Succeeding by leveraging non-proprietary intangible assets

In short :the adoption of new organizational models is made necessary by the need for optimizing the way businesses leverage their intangible assets. Beyond this complex matter there’s another emerging reality : businesses should learn to mobilize and devalop assets that are not theirs. What raises questions about engagement models and the relevance of current management and resource allocations models.
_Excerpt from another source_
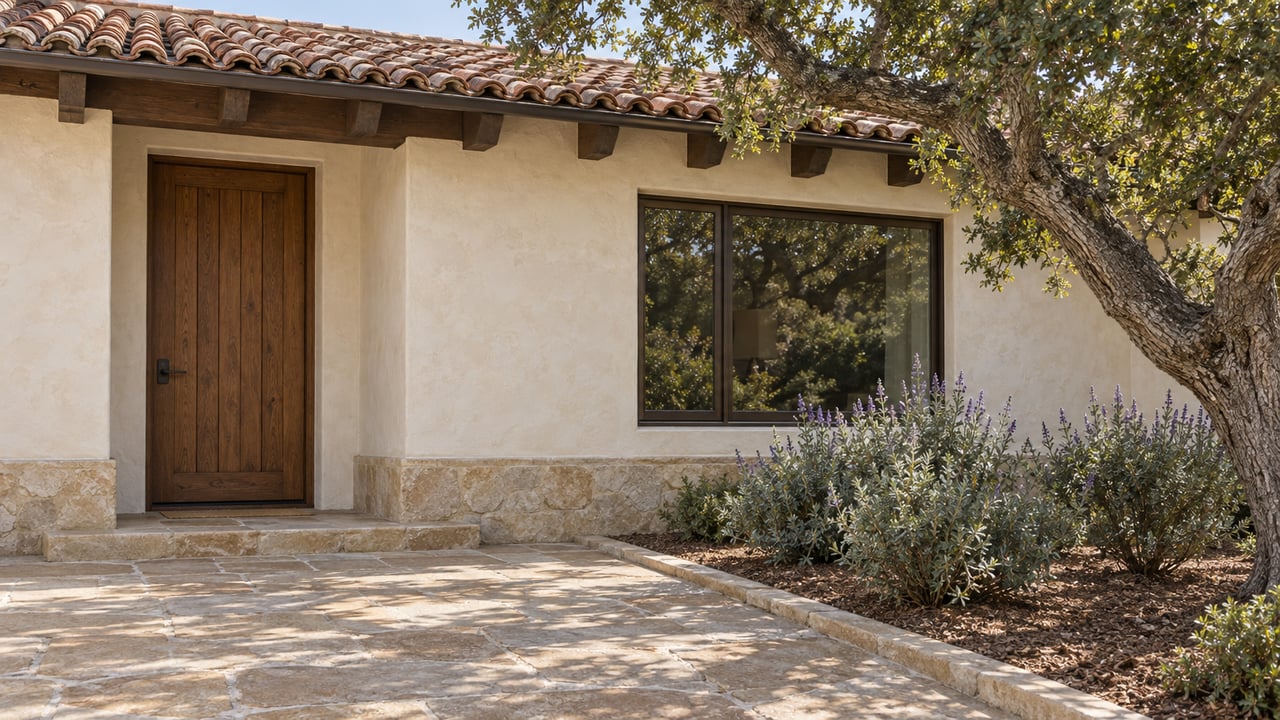 Warm plaster home with weathered clay roof tiles, an oak entry door and bronze-framed window beside a sandstone garden approach and mature oak.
If we stand a little back towards social business or enterprise 2.0 approaches and try to go beyond the surface, beyond the use of new technologies (that support new models but are not the model) and catchall concepts like collaboration, sharing and transparency, we can summarize the point in once sentence. Its a problematic linked with the need to mobilize, where and when needed, of what we usually call enterprise’s intangible assets. Intangible assets being employees, their knowledge, their relational capital, their image and reputation as well as the enterprise’s, each one’s leadership etc.

Business models designed to leverage intangible assets

By the way, even if the words I use may change from to time to time, that’s often the way I define social business and enterprise 2.0. It’s businesses that develop the capabilities to leverage…blah blah blah. These capabilities are much more specific and subtle that the usual and catchall “adoption” : strategy, skills, systems, values etc…. are the cornerstones of the approach rather than voluntary and counter-natural adoption of individual behaviors going against the actual system. These are things any business should care about before thinking of technology, possibly at the same time but never after, what often results in opening the Pandora Box.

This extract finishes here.